I try not to whine. But when I say words again, they come out like that song thing. “I
need
to ride
my horse!”

“Natalie Elizabeth,” Mommy begins. This is how I know she’s very aggravated at me. Which, in case you forgot, is what other mommies call mad. ’Sides, her eyes are little lines. “You do not
need
to ride that horse.”

I
knew
she didn’t understand, and this is proving it. “I
do
! I
need
to ride Rocket!” I say this part very loud ’cause I want her to understand this part very much. That’s what.

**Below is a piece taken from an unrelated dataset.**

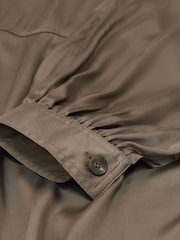 Reiss Taupe Neutral Neave Satin Balloon-Leg Trousers - Image 8 of 8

I can tell by her line eyes that she does not understand this part.

She steps toward Rocket and me. “Natalie Elizabeth, I can see that you
want
to ride that horse. But you do not
need
to ride it. Understand?”

I shake my head in the no way because my stomach and my whole insides are feeling like
need
.

Mommy takes in air and lets it out. Like a leaky balloon. “Starving children
need
food. Someone wandering and lost in a desert
needs
water. Now do you understand?”

I stare at my mom because I think maybe she forgot all about Rocket. On account of she’s worrying about the starving children in the desert.

“So,” Mom goes on, like her mind isn’t in a starving desert, “how about this? Since you
want
to ride the horse so much, I’ll make you a deal.”

This is not a good thing very much of the time. Mommy’s deals are very hard. I wait for this deal.

“If you can be a good girl and go shopping without causing any trouble, then when we’re done, you can ride the horse.” Her eyes go back to Nice Mommy’s round eyes that are very brown, like my eyes.

I look at Rocket. I look at Mommy. I look at Rocket. “Okay.”

I let Mommy lead me by my hand toward the big glass doors that open all by themselves. There is still some sad in my heart about not riding Rocket
now
. I turn back to smile at my horse that I won’t get for my birthday and that I didn’t get to ride yet, even though I really needed to ride.

The grocery-store doors swish themselves open. Mommy jogs inside.

I turn back one more time to wave good-bye to Rocket.

And I see a horrible thing.

A very terrible, horrible thing.

Someone who’s not me is climbing onto my horse.

She is wearing a purple coat.

That someone is that not-so-nice girl who is
not
my birthday buddy. That someone goes by the name of Sasha.

Sasha sits down on my horse, Rocket. Her mom puts quarters in the black box. Rocket goes up and down and back and front.

My feet stop moving.

“Nat?” Mommy says.

My eyes start crying. My head keeps looking back at my horse, Rocket.

Mommy pulls me into the HyKlas with her. The doors swoosh closed behind us.

The last thing I see is Sasha kicking the sides of my yellow horse, Rocket, and shouting, “Faster, you slow horse! Faster!”